The consultant projected that without competition, utilities would have
added only 37,000 mw to their ratebases -- just enough for their
required reserve margins and consumers would have paid far more under
cost-of-service rates that guaranteed utilities’ profits.
Plant construction would have been “lumpy” in the old regulated world,
said Gary Hunt, Global Energy Advisors’ president, since utilities
generally build larger plants.
His analysis compared what consumers would have paid under traditional,
regulated rates versus what they paid with merchant generators vying to
sell into the market.
Savings for consumers (Click here to see table) include:
• Over $4 billion in fuel costs for existing plants that ran more
efficiently in a competitive environment, and • Almost $2.4 billion in
variable operations and maintenance (O&M) costs from those same plants.

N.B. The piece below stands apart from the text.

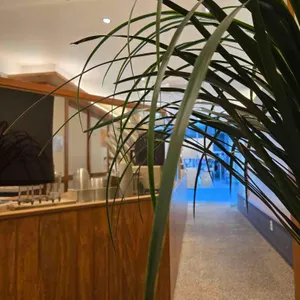 텐퍼센트커피 대표 사진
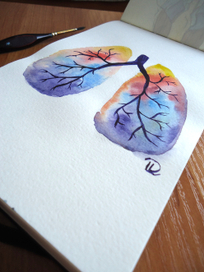 Наши легкие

But the bulk of the savings were produced by IPPs selling their power
into a competitive market for just under $11.5 billion plus $2.2 billion
in the value of competitive capacity.
Compare that to the $22.5 billion utilities would have extracted from
consumers on new generation they would have built at rates that
guarantee them profits.
Whether merchant or utility-owned, the five years saw “spectacular”
boosts in efficiency savings from power generation, Hunt noted.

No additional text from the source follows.